# About this exercise
Some lines in the material below hold the word "next". Copy all of them.

# Dataset excerpts
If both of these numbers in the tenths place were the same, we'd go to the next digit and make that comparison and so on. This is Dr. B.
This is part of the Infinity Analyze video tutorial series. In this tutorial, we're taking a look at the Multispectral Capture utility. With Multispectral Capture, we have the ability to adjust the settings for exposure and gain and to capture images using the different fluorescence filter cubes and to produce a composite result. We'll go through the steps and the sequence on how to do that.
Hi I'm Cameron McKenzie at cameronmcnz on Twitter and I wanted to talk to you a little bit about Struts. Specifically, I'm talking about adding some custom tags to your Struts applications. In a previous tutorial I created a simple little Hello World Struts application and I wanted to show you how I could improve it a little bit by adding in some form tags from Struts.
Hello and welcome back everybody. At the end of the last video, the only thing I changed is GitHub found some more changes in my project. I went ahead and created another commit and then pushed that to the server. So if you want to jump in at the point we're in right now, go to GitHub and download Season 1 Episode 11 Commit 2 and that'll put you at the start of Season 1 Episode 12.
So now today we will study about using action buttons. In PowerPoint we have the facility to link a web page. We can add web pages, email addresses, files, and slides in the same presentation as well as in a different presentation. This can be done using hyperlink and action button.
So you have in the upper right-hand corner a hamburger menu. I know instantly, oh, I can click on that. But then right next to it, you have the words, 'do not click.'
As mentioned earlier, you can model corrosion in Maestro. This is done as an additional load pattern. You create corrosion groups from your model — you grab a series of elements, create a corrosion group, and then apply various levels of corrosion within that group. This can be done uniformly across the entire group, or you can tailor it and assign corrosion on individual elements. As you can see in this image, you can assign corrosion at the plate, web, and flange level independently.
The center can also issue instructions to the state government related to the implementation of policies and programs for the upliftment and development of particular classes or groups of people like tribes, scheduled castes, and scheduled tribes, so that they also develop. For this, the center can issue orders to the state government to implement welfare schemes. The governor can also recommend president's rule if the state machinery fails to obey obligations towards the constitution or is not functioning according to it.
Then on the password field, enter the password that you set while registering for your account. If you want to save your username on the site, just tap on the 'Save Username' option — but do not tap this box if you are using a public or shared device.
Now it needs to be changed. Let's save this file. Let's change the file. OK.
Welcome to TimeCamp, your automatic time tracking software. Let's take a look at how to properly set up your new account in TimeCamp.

# Answer space
If both of these numbers in the tenths place were the same, we'd go to the next digit and make that comparison and so on. This is Dr. B.
So you have in the upper right-hand corner a hamburger menu. I know instantly, oh, I can click on that. But then right next to it, you have the words, 'do not click.'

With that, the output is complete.